Tuesday, July 20, 2010

Missing the Point Alert

And Also: Okay, you [Tom Vilsack] were wrong on Shirley Sherrod ... buck up, admit it, and beg her to return. Her story (see the whole video or the old couple defending her) is Obama-worthy sentimental. People make mistakes; the non-wankers make them right.


[Update: I would add that the idea this law forces us to think about touchy issues is a perspective as curious as saying smearing Shirley Sherrod -- the video by the way is truly powerful as is the old farmers' appearance on CNN -- forces us to think about racism. Victimization of others is not the only way for us to be educated, is it? .... Done. Glad it was such a "teachable moment" for you btw.]

Sherry F. Colb is not someone feminists and others might fear of not "getting it," but her recent essay "An Oklahoma Abortion Law Raises New and Different Rights Questions" raises just such red flags. The essay concerns an Oklahoma law that "prevents a patient from suing her doctor for failing to reveal the presence of a fetal abnormality." Prof. Colb argues that this is a fairly atypical abortion restriction, since such laws "generally make it more difficult for a pregnant woman who wants an abortion to get one in the time, place, and manner of her choosing." In particular:
In other words, the actual Oklahoma law -- and the hypothetical law that bans outright the disclosure of fetal abnormalities -- do not have the effect of pressuring or forcing a pregnant woman to continue a pregnancy against her will. What these laws do, instead, is to limit the options of women who want to remain pregnant, but only on the condition that their babies will be born normal.

This is a very curious way of looking at it in my eyes. A woman who thinks about having an abortion desires to be informed of all relevant information necessary to determine if the right is best for her. If important information -- such as perhaps the child is not her husband's -- is kept from her, she is in effect a victim of a fraud. It is essential in any number of cases to know all the details. Yes, she is not "forced" to do anything here -- she is potentially tricked into it! This is fundamentally wrong.

The essay cites Bodily Integrity and Offspring Selection interests, but does so in too narrow ways. The first is not merely a negative matter of "not" having a child in various cases, but a matter of complete control and knowledge of one's body and health. The second also includes knowing all about the offspring in question, even if there is a fear that such knowledge will lead to "wrong" choices. Colb's essay also clearly considers "trusting the woman" as a matter of debate. After all, that might mean in a few cases, women will abort a girl or a potential homosexual. But, so what? Freedom of religion includes the freedom to believe and promote hate. Why is this different? Is a woman's body something so open to compromise?

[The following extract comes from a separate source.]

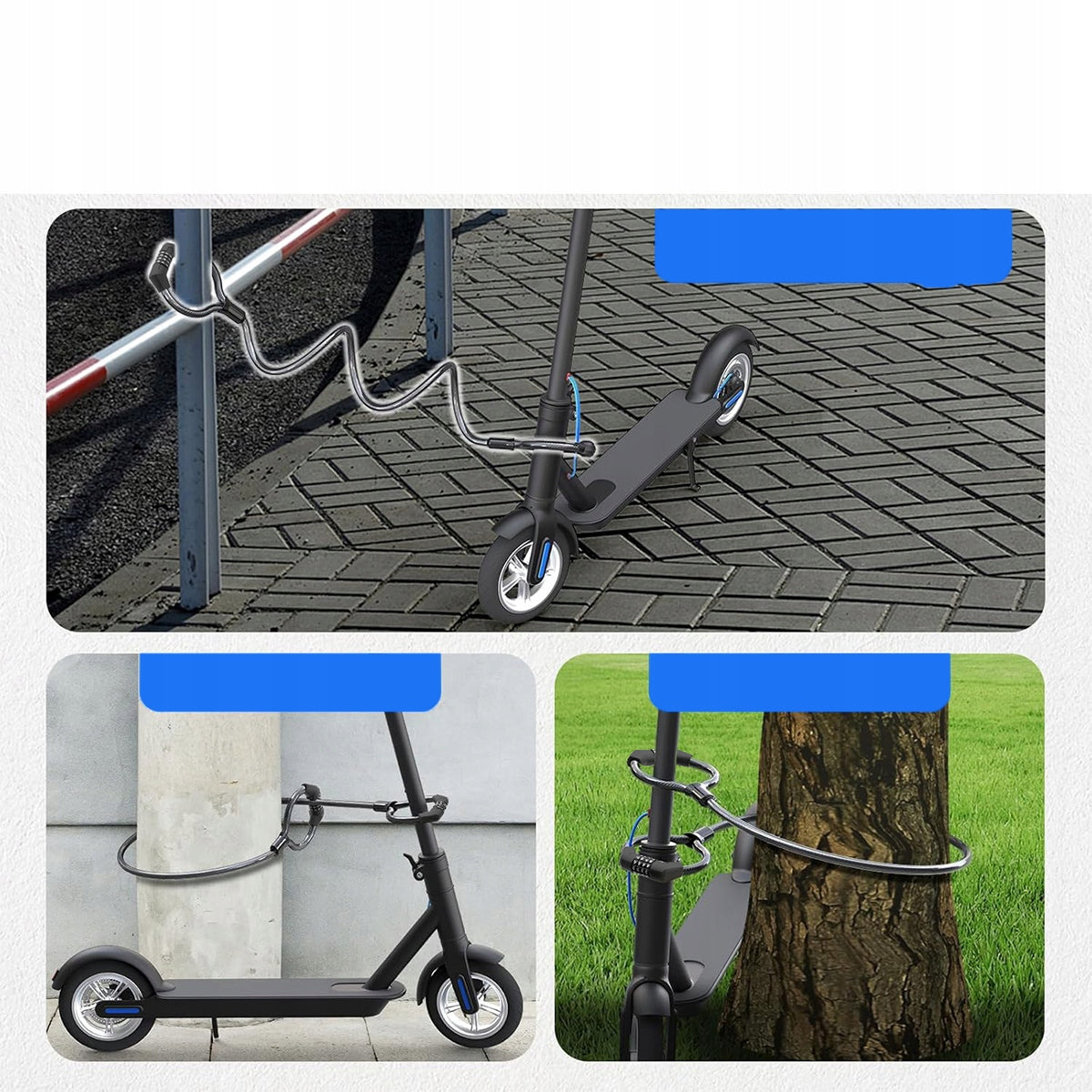 Handcuff clasp for electric scooter Special steel lock 105cm Manufacturer code 6953133275279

As is sometimes the case with artificial thought experiments, the essay ignores important issues for effect. A possible legitimate reason for such a law is offered this way:
If one were to consider the fetus the equal of a newborn baby, then it would seem to follow that a woman considering whether or not to remain pregnant generally would not be entitled to find out that her fetus suffers from an anomaly. In other words, once a baby is at issue, the woman can no longer claim the right to obtain information that would facilitate a decision to kill the baby because he suffers from Down Syndrome or some other anomaly.

How about if she has to prepare herself emotionally and otherwise to deal with the baby's birth defect? Again, for some reason, the author does not find this quite relevant matter a reason for requiring the doctor to provide the information. Since it concerns something inside of her, I would think that alone would warrant the information be told, even if the girl/woman is not allowed to abort. This seems to be the idea: it is a backhanded way to try to limit certain types of abortions (sex specific abortions are also cited). This seems patently unconstitutional but again even in respect to the sex of the child, it would be useful to know in various cases. But, in this context, several concerns -- including economic and preparing to care for the special needs of the child -- arise.

Finally, the essay doesn't raise the problems with a doctor having the right to hold back information that would be quite important to the patient (including those who don't want to abortion) surely out of some dubious criteria. What cases would this arise? I reckon too: some sort of negligence where the information is not provided out of neutral action or because of moral beliefs of the medical people involved. The emotional health of the patient being negatively affected alone suggests the two are really interlocked. The essay however assumes the law makes us think:
For someone who believes that a fetus is morally distinct from a baby, and that the right to abortion is at least in part about deciding which children one wants to have or avoid having, the law requires us to confront our own prejudices and to ask ourselves whether a genetically-impaired future is truly worse than no future at all.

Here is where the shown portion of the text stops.